Thursday, February 22, 2007 by Nawal Kishore Lodha

Lo and behold! so, i am finally here. :)
As i near the last days of my journey as a programmer in the company where i started it, i stop for a while and try to look back.
The industry and the practices have evolved. I have seen different breeds of developers over these these 4 years who have touched my heart as well as my soul.

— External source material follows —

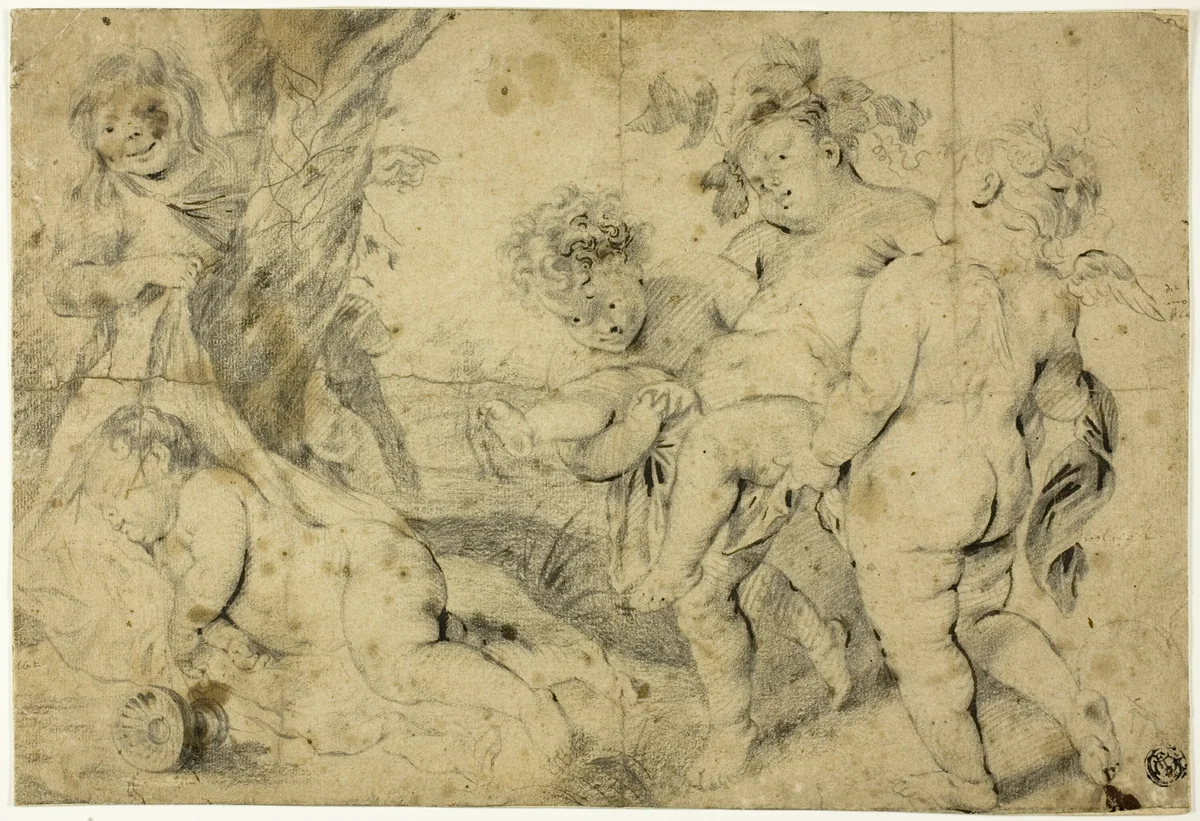 Young Bacchus and Companions by Anthony van Dyck, drawing, 1600-1650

Characteristics of a good programmer
Navin has always been a role model for many of us. Why?
  1. He is passionate.
  2. He can think.
  3. He is persistent (unlike many of my techie friends).
  4. He has strong belief in himself.
  5. He motivates lesser mortals around him.
  6. He will be happier sitting at office at 3 am to finish off that 9.0 version of serializer. It was last night when he published version 8.0.
  7. At 5 am he will say, let's celebrate the new release over few games of volleyball. :)
  8. C++ or Java? How does it matter! Platforms and technologies only complement.
  9. Does not get bogged down by strong opposition or criticism.
  10. He tries to revolutionize the world.
Ajit has been another version of Navin.
But it's the newer generation of programmers whom I love most.

New breed of techies
  1. The best thing about them - They might be just out of college but they know what they want. It's amazing - Gone are the days when skills used to be proportional to experience. Not any more.
  2. Their awareness levels are extra-ordinarily high. Nirav, Gaurav, Ketan, Ravi, Vamsi, Sushant and others - you have blown me off my feet with your active interests and thinking. You have already contributed towards impacting the world around you or you aspire to. I am inspired! And, you are the reason I have started writing here.
  3. They have an attitude. They possess a burning desire to win the entire world.
  4. Programming is poetry to them. It should not be abused by non-optimized, junk and redundant code. Rather it should be nurtured and pampered.
  5. Reusability is the mantra. They don't sit and code immediately when a chore is assigned. They look for available solutions. If needed, design their own. Then, try to improve it - look for alternatives. And the outcome can rival the best.
  6. Belief in good practices. Test driven development is 'the' philosophy.
  7. They will put their hands on anything that's suave with their focus on few. They try out anything and everything - growing way beyond the office boundaries.